Chunking breaks up long strings of information into units or chunks. The resulting chunks are easier to commit to memory than a longer uninterrupted string of information.
The term “chunking” was first introduced in 1956 by George A. Miller in his paper “The Magical Number Seven, Plus or Minus Two: Some Limits on our Capacity for Processing Information.” Through his research, Miller found that short-term memory has a limited capacity.
Miller's research into short term memory concluded that people can retain seven plus or minus two items of information in the short-term storage process of working memory at any given time. In contrast, long-term memory indefinitely stores a seemingly unlimited amount of information.
Because of its limited capacity, STM is the bottleneck in the memory system. If we can only retain about 7 items at one time in STM, then there are significant restrictions on how much information can be transferred to long-term memory (LTM). These restrictions can be overcome by chunking information into groups or units, making the seven items larger.
Chunking Increases Memory
Miller's research showed that by organizing items into chunks short memory capacity can be substantially increased.

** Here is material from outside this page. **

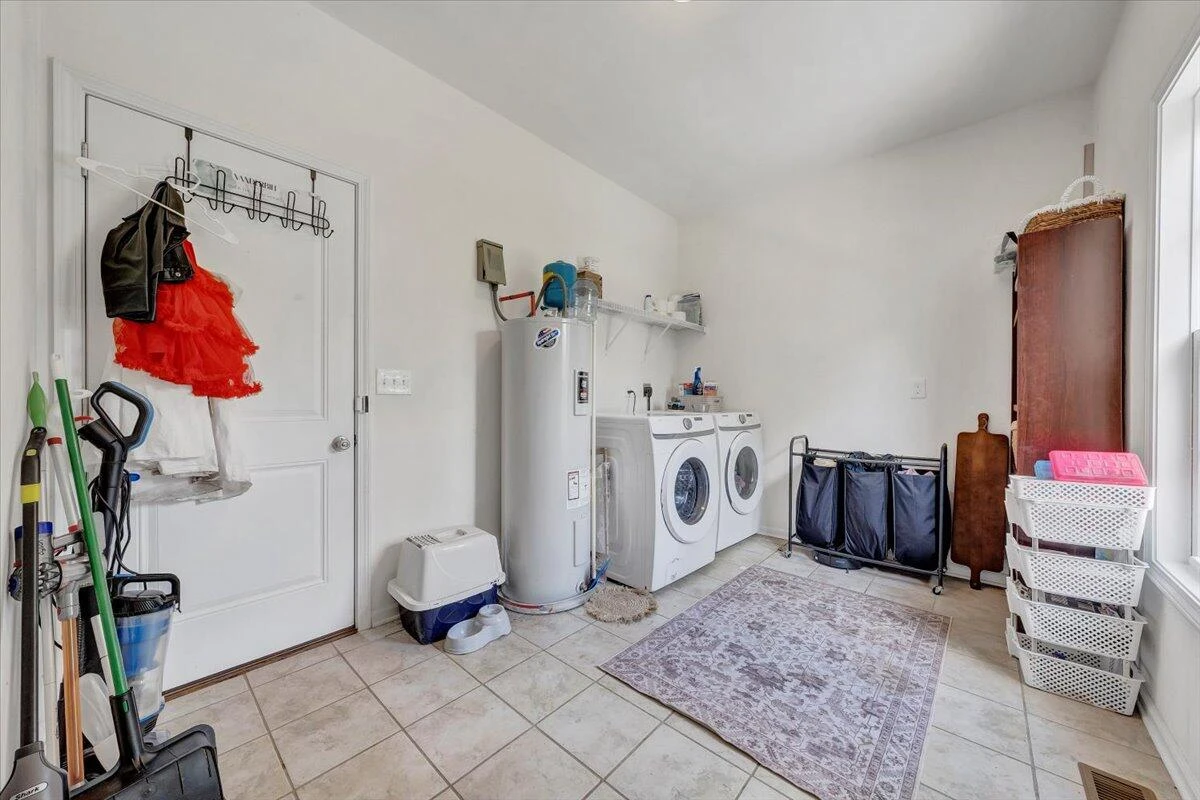 4927 Warrior DR - Photo 12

Miller discovered that an organized chunk of information functions as one item, and that a person could hold around seven chunks of information in short term working memory at the same time. These units or chunks can be thought of as seven containers each capable of holding one chunk of information in memory.
Individual letters can form into words; words can be formed into sentences, and then even into stories. Thus, more than seven letters or words can be held in short-term or working memory.
Examples of Chunking
The classic example of chunking is numbers. It is much easier to remember three sets of numbers, instead of 8 or 10 seemingly random numbers strung together.